On 18.04.2015 18:37, Rich Felker wrote:
>> @Rich: I still get DNS error (Mozilla Thunderbird) for
>>, when tying to send mail :(
> Odd. I just verified that Google's resolves it right, so I
> don't know what's wrong, but it seems to be on your end. Let me know
> if you find anything that looks like a problem on my side.

AFAIK, you use a CNAME as MX, which is resolved on some, but not all 
systems / programs. You need to add an absolute IP address for your MX, 
not a CNAME, to be accessible for all.

A-record lookup is ok (resolved recursive), but MX lookup fails (doesn't 
do recursive lookup everywhere).

>> On 18.04.2015 17:58, Rich Felker wrote:
> Well anything that gets code execution in the dropbear session process
> would be able to steal the key still. The only added protection you'd
> get is is against heartbleed-type attacks (arbitrary memory read but
> no code exeution).

ACK, ... isn't that bad, to protect against that kind of key steeling, 
with a very simple solution, and no need to further code restructuring?

IMO it is a quick intermediate solution, until someone may be able to 
restructure key creation code, still giving the possibility to let 
dropbear drop root privileges completely (except pty/utmp question).

>> So consider my suggestion a simpler to implement solution, in
>> between having full root privileges or hanging keys in memory, and
>> an external process to do the rekey steps (in addition: with the
>> possibility to let that process use the dropbear group and not root
>> to access keys - even better than let that process hang around as
>> root)
> If this external process is setuid/setgid, I consider that a much
> bigger vuln.

Just to mention: My statement 'separate process' doesn't included or 
intended a separate suid/sgid program.

> It would have to somehow verify that it's being invoked
> by a valid dropbear session process and not some other caller that
> just wants to use it to steal keys/forge key negotiations, and you
> have all the usual issues with setuid programs having to be defensive
> about the state they inherit when invoked.

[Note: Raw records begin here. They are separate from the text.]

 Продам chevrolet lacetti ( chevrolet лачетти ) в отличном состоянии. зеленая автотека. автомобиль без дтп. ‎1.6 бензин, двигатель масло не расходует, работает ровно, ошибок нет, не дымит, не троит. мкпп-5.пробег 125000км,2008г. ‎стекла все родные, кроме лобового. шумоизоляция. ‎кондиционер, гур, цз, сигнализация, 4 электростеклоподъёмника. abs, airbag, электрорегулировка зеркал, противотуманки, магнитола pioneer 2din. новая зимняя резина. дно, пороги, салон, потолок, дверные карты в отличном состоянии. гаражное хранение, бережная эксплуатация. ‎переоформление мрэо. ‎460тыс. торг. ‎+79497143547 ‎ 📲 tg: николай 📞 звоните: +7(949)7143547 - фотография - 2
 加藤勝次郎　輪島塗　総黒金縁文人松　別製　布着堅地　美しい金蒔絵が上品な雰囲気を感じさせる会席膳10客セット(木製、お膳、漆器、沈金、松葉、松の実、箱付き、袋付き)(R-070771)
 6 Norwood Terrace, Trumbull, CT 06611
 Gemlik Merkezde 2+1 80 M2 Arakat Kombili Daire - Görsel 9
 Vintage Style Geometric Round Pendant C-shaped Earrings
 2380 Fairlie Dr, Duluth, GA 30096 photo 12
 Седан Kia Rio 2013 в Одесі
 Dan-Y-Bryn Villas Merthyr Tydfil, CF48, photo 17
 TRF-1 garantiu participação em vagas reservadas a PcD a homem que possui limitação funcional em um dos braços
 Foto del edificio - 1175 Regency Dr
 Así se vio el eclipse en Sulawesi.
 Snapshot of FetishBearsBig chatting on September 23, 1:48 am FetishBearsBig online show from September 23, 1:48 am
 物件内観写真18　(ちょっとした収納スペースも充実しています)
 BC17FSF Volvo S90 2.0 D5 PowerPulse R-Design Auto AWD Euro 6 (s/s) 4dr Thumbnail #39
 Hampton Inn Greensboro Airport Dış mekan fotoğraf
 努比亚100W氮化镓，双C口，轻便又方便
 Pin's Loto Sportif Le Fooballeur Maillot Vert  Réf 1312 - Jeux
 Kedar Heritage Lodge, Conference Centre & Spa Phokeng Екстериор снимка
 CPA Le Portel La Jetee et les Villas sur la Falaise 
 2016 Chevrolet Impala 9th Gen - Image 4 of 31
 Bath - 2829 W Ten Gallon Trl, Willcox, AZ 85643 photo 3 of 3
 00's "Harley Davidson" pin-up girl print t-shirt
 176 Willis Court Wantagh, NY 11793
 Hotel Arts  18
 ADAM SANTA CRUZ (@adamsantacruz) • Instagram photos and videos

I didn't think of an exec to a separate program, but just fork and let a 
process for key management run in the back. So a bit simpler to verify 
authentication of caller, but still somehow required ... or what else 
did you suggest?

> If on the other hand the session process just kept gid=dropbear to
> open and reload the key, it wouldn't be so bad.

That's it, the key creator part doesn't need root privileges for it's 
operation either. That is just a combination of the two approaches.